James Stimpert, of MSEL Special Collections, is Homewood archivist. This is the first in an occasional historical series that will appear in the year leading up to the 125th anniversary of the founding of Johns Hopkins.
When James Joseph Sylvester came to The Johns Hopkins University in 1876, he was the most senior of the original faculty, in terms of age and prior accomplishments. The university's first professor of mathematics, the 61-year-old Sylvester had already had a full career in both academia and private business. Alternately brilliant and erratic, warm and irascible, benevolent and egocentric, Sylvester helped propel the infant university to the forefront of scholarly attention soon after his arrival in Baltimore.
Born in 1814 to the family of a Jewish merchant in London, Sylvester showed mathematical talent at an early age. Barred from most universities because of his religion, he entered the University of London at the age of 14. After a number of false starts, Sylvester passed his examinations at St. John's College, Cambridge. Because he could not subscribe to the Thirty-Nine Articles of the Church of England, however, Sylvester was denied his degree and any hope of competing for prizes and fellowships. He later succeeded in earning his bachelor's and master's degrees from Trinity College, Dublin. Seeing opportunities in the United States, he took up residence at the University of Virginia, where he assumed the chair of mathematics in 1841.
If Sylvester expected the University of Virginia to resemble the dignified atmosphere of British universities, he soon realized how wrong he was. Although he arrived to a welcome of bonfires and illuminations, he discovered that students did not regard their instructors with quite the same reverence as did their European counterparts. Known for their "drunkenness and lawlessness," the students included one person who had murdered a faculty member just prior to Sylvester's arrival. After only one year, Sylvester resigned, protesting the mild punishment given to a student who had been threatening and insubordinate to him.
Despairing of prospects in the United States, Sylvester returned in 1843 to England, where, only two years earlier, he had "burned his bridges." He found an actuarial position with a London life insurance company and eventually took a position at the Royal Military Academy in Woolwich, where he spent the next 15 years studying the theory of invariants, partition theory and polynomial equations. Forced into retirement in 1870, Sylvester seemed at the end of a creditable, although not stellar, career.
In 1875, as Daniel Coit Gilman assembled his faculty, colleagues recommended Sylvester for the chair in mathematics. Determined to find the right people even if it meant postponing instruction in a particular field, Gilman took his time evaluating the older man. Gilman wondered whether Sylvester, already 61, would have the energy to build a department from scratch and to train people to follow in his steps. Colleagues assured Gilman that the mathematician really desired a fresh start, and where better to obtain this than in a situation where he would be establishing all precedents himself?
After some difficult negotiations regarding salary (Sylvester wished to be paid in gold) and housing allowances, the parties reached a satisfactory agreement, and in May 1876 Sylvester returned to the United States. With keen insight, he chose for junior faculty positions individuals who went on to distinguished careers of their own.
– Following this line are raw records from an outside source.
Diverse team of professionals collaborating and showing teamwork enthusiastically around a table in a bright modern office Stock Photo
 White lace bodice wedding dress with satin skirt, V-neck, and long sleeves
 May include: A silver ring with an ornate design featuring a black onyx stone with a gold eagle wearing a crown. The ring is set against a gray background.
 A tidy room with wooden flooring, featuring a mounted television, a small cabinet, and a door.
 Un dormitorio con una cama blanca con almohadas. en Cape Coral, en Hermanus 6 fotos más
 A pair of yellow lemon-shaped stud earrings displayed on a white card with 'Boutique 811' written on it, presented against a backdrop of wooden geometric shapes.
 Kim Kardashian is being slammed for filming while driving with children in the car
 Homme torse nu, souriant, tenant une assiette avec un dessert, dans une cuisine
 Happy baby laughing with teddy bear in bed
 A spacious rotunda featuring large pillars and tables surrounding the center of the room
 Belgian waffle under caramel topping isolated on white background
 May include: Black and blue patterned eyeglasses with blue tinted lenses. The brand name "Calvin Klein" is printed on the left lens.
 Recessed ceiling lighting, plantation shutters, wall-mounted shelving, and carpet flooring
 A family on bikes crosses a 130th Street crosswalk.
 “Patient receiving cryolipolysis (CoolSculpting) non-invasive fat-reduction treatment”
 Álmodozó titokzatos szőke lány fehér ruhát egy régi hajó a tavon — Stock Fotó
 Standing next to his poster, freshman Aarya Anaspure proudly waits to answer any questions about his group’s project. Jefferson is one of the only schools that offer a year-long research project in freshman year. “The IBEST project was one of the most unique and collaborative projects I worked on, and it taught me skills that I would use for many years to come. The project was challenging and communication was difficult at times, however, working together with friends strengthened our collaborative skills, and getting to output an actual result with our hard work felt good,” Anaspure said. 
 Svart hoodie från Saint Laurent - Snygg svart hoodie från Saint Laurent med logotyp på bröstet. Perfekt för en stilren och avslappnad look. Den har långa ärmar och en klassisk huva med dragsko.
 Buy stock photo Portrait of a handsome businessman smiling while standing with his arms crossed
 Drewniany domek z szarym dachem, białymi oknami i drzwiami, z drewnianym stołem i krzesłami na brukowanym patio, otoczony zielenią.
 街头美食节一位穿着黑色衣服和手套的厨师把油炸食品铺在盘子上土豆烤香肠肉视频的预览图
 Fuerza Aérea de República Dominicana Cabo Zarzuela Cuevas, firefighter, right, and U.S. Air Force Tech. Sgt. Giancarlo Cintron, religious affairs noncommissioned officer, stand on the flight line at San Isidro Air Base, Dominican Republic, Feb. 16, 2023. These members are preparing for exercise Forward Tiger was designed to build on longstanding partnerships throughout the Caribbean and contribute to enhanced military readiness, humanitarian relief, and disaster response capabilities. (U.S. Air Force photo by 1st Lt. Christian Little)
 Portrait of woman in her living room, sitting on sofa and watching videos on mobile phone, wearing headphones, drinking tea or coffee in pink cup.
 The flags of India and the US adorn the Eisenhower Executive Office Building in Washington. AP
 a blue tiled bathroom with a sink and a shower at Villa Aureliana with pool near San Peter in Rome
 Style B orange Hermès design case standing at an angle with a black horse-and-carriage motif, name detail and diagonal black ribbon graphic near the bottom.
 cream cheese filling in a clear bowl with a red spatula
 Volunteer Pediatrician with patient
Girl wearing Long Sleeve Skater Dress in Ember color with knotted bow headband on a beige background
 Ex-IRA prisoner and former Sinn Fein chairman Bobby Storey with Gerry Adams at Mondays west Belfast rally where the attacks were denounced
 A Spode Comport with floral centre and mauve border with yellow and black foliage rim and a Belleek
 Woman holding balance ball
Although Sylvester spent only seven years at Hopkins before returning to England and semi-retirement, his effect on the university was dramatic. He founded the American Journal of Mathematics in 1877, conducted and directed extensive research in higher mathematics and championed the admission of a brilliant woman graduate student, Christine Ladd, who might otherwise have been turned away.
Sylvester was absent-minded and could focus on a problem so completely as to be oblivious to all surroundings. He was famous for stopping in midlecture when a new and irrelevant idea struck him, pursuing that thought to the bewilderment of his students. Perhaps due to his mellowing personality, these peculiarities did not offend his associates as they had in earlier years.
While working on a mathematical paper in London in February 1897, Sylvester suffered a massive stroke, which resulted in his death on March 16.